Faith, Trust, Hope, & Love
Thursday, November 17, 2011
Sunday, November 13, 2011
I seriously need to stop
I need to stop expecting so much from him. There is a woman that i despise that he is friends with & the thing about it is that they are also ex's. She has a reputation for being pretty much a slut. & the thing about that, is that she is actually proud of it. But anyway, he always tells me that he is not going to have anything to do with her anymore & that he is going to completely erase her from his life. But the problem with me is that, if he was willing to do anything for me & make me happy like he says he would, then he would literally DELETE her or erase her COMPLETELY from his life. To me, that would be including facebook & contacts etc. Pretty much just eliminating her from every spectrum of his life. Including facebook. I know that i ask too much & i always think that he will delete her completely from everything that has to do with her without me having to ask him. Also the pictures OF her in his wallet. It hurt's me that her pictures are still with him. Everything just about her just disgusts me. She even talked about me TO him saying how annoying i was & that i was getting on her nerves. After all that, you would think that he would just drop her. I even had a "really good friend" that i use to always be around with & talk to every single day. But at one point she just became a total bitch & just started talking about my boyfriend TO me.
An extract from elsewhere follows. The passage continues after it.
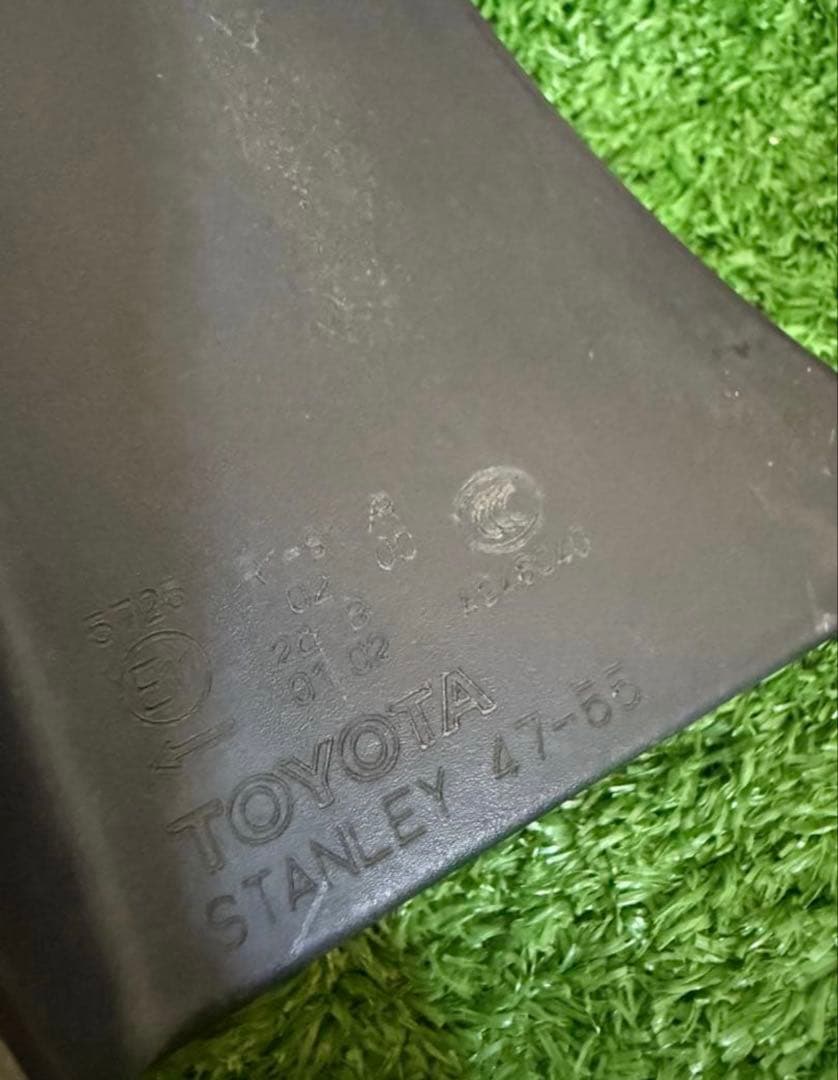 美品 ZVW30 30プリウス 純正テールランプ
Saying how he doesn't put any effort into our relationship & that he doesn't know how to treat me right. He has honestly been the BEST person i have ever let into my life. After she just kept talking about him so negatively i dropped her out of my life because i love him that much. I just REALLY wish he would do the same for me. It just....it makes me feel like he doesn't want to let go of her. Like, he's not willing to do that for me. Like he doesn't love me as much as he says he does. Because if he really did love me as much as he says he does, he would do anything for me right? I just really really wish that he would. I would feel so much more comfortable that way. If only i could explain & say all of this to him. I think he would just think that i'm selfish. Pretty much my expectation from him is to make her extinct from his life but without me having to explain or ask him to do so.
Friday, November 4, 2011
Loving The Rain
It is currently raining where i am at the moment & i'm actually enjoying it. To be honest, i HATE rain but for some reason, i'm so excited that it is. Maybe it's because i actually bought winter/fall clothing. LOL! I'm a summer person. I LOVE the sun. But maybe because the "summer" was lingering on until now, i probably just got tired of it & actually wanted something different to happen? I don't know but, what i DO know is that i'm actually liking it. LOL! Have a nice day everyone & be safe!
Monday, June 27, 2011
New
Hello to anyone who is reading this, which probably is only me, LOL! I got really tired of tumblr..so i wanted to try this out. I love crocheting so if anyone knows about anyone who have free patterns please let me know :]
K thanks :]]
K thanks :]]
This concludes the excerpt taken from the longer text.